He was born in Markinch in Fife on 5 January 1810. He served an apprenticeship as an engineer in Liverpool Docks from 1824.
In 1845 he became the Railway Superintendent of the Manchester and Bolton Railway based at Salford. In 1846 the company was absorbed into the Manchester and Leeds Railway and then in 1847 became part of the Lancashire and Yorkshire Railway. In 1849 he moved from Salford to Miles Platting. Together with Richard Hodgson and Thomas Rowbotham they brought the new railway company to a high level of success.

In 1867 he became Locomotive Superintendent of the North British Railway. In this role he constructed 22 locomotives in Leith and a further two in Burntisland. Hurst at this time was earning £1200 per annum, more than twice the norm for engineers in the same role. In a scandal of 1867 Hurst and his two partners were forced to resign following the discovery that the company from whom the North British Railway hired their rolling stock (the Scottish Wagon Company) which was owned by the same three men. He returned to work in much lesser roles.

In retirement he lived at 17 Melville Terrace in Marchmont, Edinburgh.

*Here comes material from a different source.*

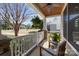 Inviting porch with wood ceiling, comfortable seating, decorative plants and stone column bases at 643 Mcalway Rd, Charlotte, NC 28211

He died in Edinburgh on 22 December 1890 and is buried in Warriston Cemetery in northern Edinburgh. The grave lies against the southern wall of the main cemetery, backing onto the Water of Leith Walkway.

==Family==
He was married to Ann Calder (1815–1896) in June 1838 in Liverpool. They had one son, William P. Hurst (1846–1866) and two daughters, Annie and Isabella.